This section then outlines the three econometric models that will be used to analyse the effects of trade union participation on wages in South Africa between 2008 and 2015. These techniques are pooled OLS regression, the selection model and Oaxaca-Blinder decomposition. These methods are ideal for this minor dissertation, because they combine the individual variable factors, the industry-specific factors and location-related factors in analysing wage differentials.

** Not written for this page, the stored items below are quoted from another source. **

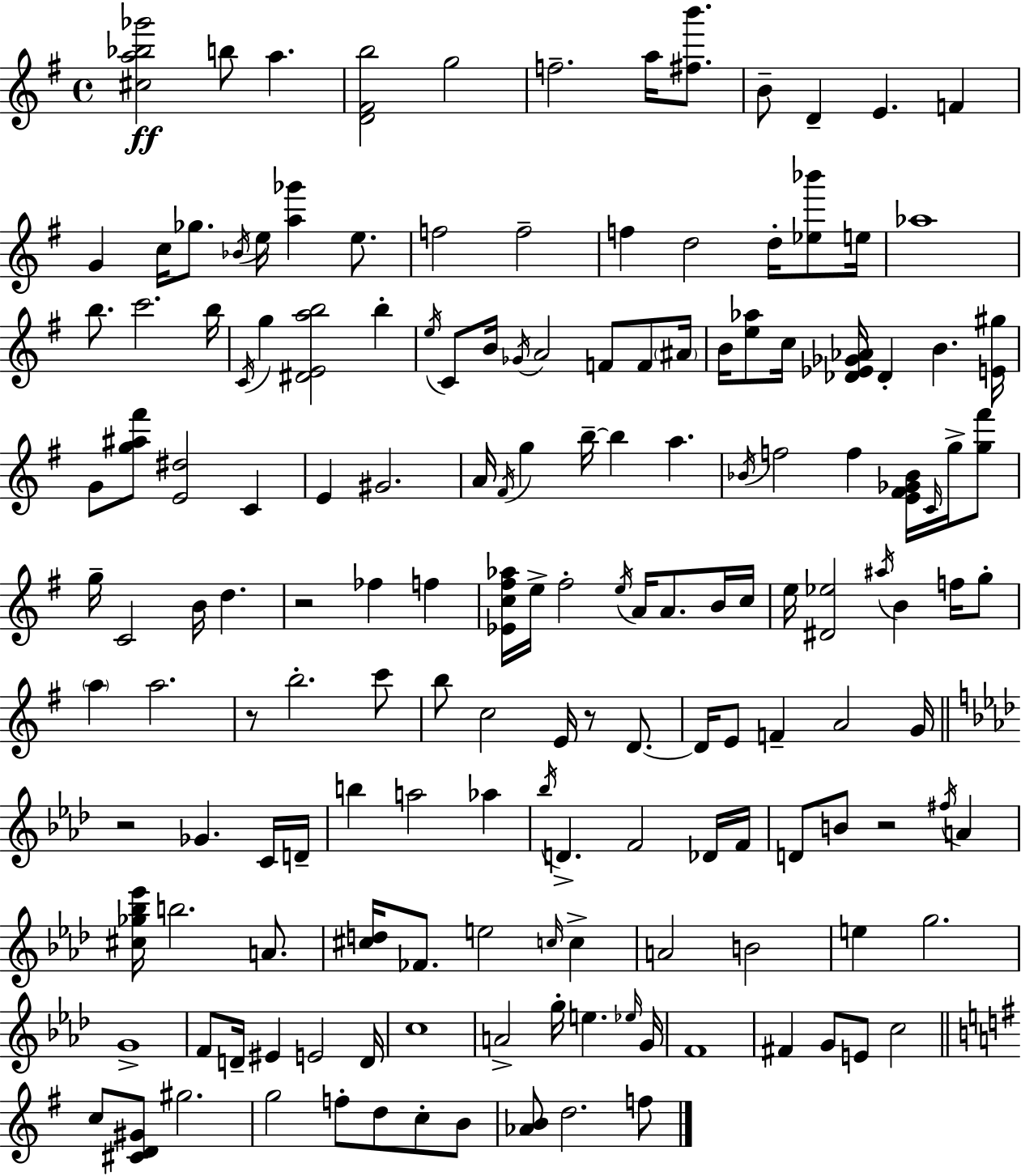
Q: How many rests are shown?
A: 5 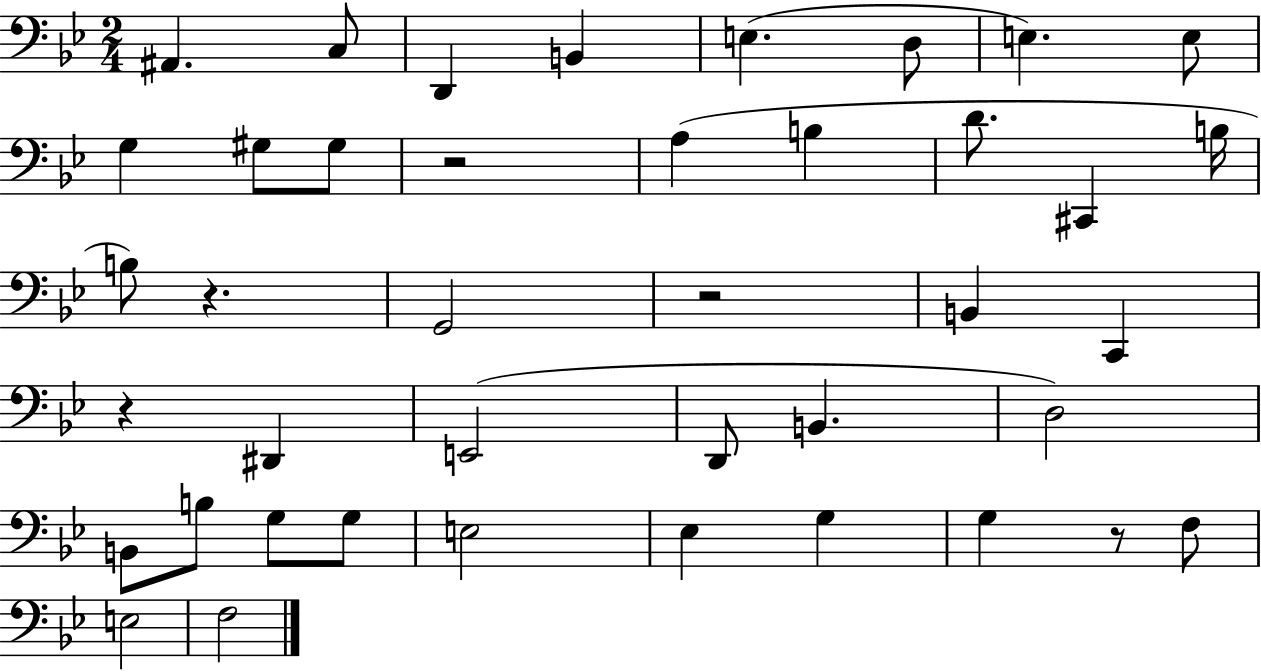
{
  \clef bass
  \numericTimeSignature
  \time 2/4
  \key bes \major
  \repeat volta 2 { ais,4. c8 | d,4 b,4 | e4.( d8 | e4.) e8 | \break g4 gis8 gis8 | r2 | a4( b4 | d'8. cis,4 b16 | \break b8) r4. | g,2 | r2 | b,4 c,4 | \break r4 dis,4 | e,2( | d,8 b,4. | d2) | \break b,8 b8 g8 g8 | e2 | ees4 g4 | g4 r8 f8 | \break e2 | f2 | } \bar "|."
}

The first estimation model to be used is pooled OLS with a union dummy variable that captures the effect union participation has on wages. One drawback of the pooled OLS method is that it does not allow the estimation of differences in unobservable workers characteristics amongst union and non-union members (Addison & Hirsch, 1986). This implies that, if the unobservable variables influencing earnings are correlated with the decision of joining a trade union, then the estimates obtained using pooled OLS regression will be biased(Armstrong & Steenkamp, 2008).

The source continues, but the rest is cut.